Data Cleaning
Ali Atiyab Husain
Data cleaning consists of fixing and removing corrupted data, mislabelled data, incorrectly formatted data and many more. It also involves removing any missing, duplicate, or irrelevant data.
Types Of Problems In Data Cleaning
-
Removing Null Values
- This involves getting rid of missing values which are represented by null or nan(not a number) values . These values can affect how data analysis algorithms process data and may cause any unwanted results in our data analysis.
- In this situation, we can clean our data by either removing these nan/null values or by replacing these values by the mean, median or any other value.
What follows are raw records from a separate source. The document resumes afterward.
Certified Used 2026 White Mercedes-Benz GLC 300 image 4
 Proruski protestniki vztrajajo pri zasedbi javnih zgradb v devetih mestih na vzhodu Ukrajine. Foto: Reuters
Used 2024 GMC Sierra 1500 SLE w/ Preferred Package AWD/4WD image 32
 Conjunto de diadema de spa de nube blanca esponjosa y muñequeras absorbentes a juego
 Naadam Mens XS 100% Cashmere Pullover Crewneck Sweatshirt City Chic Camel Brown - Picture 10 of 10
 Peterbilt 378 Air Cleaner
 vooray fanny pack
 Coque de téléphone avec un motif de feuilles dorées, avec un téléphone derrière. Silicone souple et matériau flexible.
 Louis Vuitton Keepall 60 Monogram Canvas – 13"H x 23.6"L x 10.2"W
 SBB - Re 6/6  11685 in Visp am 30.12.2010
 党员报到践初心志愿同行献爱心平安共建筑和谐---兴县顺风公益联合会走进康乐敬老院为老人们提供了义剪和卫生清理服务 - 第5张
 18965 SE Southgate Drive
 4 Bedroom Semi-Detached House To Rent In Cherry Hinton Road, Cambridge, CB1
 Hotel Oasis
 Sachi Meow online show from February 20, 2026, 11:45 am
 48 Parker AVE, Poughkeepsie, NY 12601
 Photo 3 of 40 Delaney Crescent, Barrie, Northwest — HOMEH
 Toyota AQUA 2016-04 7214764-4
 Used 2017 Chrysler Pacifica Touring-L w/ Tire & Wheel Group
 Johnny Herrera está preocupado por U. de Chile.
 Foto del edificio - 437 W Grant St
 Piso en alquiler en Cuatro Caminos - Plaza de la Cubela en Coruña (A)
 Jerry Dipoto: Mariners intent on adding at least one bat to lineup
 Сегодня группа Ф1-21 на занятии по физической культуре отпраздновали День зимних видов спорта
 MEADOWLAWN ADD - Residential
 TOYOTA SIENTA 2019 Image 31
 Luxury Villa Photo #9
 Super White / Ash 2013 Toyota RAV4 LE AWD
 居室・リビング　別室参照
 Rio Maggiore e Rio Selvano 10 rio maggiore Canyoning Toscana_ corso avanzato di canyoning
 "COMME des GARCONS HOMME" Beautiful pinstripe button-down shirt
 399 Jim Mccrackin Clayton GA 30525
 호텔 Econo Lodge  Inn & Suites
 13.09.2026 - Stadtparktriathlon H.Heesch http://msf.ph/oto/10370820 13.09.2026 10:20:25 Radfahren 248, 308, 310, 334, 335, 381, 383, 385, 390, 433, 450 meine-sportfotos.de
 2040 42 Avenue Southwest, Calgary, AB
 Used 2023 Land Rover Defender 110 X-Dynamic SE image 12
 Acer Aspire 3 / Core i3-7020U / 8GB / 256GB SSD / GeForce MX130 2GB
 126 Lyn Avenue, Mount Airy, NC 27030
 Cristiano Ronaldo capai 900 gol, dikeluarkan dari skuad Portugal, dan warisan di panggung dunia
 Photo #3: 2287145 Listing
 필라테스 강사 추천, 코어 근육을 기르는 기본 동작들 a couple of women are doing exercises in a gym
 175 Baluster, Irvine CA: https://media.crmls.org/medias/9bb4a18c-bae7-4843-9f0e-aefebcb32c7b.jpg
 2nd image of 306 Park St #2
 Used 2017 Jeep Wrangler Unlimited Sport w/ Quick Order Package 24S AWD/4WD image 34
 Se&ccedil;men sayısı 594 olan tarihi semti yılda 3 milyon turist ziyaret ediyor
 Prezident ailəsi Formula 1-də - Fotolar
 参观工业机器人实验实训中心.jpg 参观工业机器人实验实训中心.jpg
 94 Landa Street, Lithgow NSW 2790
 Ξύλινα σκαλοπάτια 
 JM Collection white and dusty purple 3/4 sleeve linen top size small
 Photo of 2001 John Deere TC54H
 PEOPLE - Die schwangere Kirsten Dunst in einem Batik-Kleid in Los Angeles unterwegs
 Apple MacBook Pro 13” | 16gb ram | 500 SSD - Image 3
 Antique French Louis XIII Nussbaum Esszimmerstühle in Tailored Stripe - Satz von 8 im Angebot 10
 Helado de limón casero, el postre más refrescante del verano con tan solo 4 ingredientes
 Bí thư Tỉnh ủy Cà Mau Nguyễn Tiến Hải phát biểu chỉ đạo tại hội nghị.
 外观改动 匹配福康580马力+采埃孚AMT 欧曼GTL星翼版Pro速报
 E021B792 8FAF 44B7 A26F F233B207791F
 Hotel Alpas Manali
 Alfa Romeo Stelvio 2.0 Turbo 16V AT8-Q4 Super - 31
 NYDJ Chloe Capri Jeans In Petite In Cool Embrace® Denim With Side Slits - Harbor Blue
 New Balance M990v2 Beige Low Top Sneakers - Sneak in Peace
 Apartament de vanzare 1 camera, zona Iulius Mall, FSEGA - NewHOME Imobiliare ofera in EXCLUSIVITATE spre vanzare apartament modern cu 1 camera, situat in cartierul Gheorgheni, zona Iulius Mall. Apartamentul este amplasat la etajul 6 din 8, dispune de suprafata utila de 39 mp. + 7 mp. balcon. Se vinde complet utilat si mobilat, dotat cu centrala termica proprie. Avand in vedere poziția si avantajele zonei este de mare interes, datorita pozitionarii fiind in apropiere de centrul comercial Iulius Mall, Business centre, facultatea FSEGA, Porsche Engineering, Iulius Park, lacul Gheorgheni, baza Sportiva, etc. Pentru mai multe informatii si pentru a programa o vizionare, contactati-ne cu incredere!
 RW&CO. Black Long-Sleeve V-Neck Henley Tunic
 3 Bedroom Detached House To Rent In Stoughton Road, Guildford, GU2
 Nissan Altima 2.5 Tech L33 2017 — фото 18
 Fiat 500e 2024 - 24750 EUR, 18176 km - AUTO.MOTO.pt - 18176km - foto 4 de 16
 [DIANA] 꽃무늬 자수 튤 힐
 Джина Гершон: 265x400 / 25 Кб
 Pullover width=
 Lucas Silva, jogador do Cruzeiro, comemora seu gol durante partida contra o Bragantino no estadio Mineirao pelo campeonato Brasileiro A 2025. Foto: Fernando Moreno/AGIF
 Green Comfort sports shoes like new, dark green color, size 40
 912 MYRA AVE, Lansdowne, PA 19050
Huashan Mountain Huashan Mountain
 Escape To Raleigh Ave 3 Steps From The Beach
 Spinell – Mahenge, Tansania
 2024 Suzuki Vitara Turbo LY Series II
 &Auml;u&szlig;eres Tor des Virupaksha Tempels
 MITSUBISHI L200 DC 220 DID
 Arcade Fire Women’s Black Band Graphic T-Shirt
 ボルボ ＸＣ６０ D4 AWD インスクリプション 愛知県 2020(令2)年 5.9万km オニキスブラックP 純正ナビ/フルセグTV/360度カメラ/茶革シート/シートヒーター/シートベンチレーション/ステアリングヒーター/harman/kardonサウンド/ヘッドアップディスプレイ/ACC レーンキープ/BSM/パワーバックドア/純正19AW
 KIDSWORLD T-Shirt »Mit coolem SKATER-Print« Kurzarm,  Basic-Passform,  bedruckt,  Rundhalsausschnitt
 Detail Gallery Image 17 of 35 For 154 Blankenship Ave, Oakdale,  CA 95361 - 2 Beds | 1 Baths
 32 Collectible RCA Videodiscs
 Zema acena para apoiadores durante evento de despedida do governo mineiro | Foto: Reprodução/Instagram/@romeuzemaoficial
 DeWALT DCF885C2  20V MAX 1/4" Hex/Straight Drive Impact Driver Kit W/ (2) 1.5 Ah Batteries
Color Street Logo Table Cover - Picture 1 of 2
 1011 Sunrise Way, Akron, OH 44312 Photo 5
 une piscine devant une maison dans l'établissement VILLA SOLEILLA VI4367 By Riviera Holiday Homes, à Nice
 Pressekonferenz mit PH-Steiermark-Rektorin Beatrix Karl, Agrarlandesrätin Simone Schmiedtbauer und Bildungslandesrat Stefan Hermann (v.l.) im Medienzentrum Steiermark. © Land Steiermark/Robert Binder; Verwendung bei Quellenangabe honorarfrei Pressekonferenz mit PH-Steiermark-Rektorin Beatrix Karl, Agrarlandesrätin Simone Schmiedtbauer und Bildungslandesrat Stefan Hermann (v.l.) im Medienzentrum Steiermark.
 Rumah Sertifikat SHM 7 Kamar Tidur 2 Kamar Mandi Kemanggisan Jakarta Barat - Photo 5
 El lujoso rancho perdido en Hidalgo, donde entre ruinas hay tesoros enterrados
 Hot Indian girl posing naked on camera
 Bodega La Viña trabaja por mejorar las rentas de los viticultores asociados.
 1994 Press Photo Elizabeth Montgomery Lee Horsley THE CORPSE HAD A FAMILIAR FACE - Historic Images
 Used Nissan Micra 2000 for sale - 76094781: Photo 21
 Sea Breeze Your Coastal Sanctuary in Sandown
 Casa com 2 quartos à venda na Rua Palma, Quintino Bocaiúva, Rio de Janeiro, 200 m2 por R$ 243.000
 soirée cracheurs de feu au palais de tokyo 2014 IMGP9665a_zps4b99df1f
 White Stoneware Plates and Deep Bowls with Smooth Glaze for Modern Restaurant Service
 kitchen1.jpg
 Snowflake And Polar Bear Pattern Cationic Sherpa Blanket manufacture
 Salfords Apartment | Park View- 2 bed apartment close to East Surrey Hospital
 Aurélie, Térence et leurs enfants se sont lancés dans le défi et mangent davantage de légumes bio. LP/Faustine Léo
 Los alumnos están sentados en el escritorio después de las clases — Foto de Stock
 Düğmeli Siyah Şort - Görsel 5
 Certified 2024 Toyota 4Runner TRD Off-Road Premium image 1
However, both of these methods have their vices: the first method reduces the amount and the second may be very time consuming and hectic.
-
Removing Unnecessary Values or Columns
- Sometimes we may have unnecessary values or data, or sometimes even whole columns which are completely redundant for our machine learning model.
- In this situation, we can clean our data by ‘dropping’ or removing these values through data slicing or pandas functions : specifically created for this action.
-
Converting DataTypes
- This involves converting the datatype of specific columns according to our requirements.
- For Example, sometimes we may have to deal with a customer database having a time column, here we can convert the datatype of the time column to the DateTime data type which makes it very convenient for converting date formats and helps in applying many other different functions.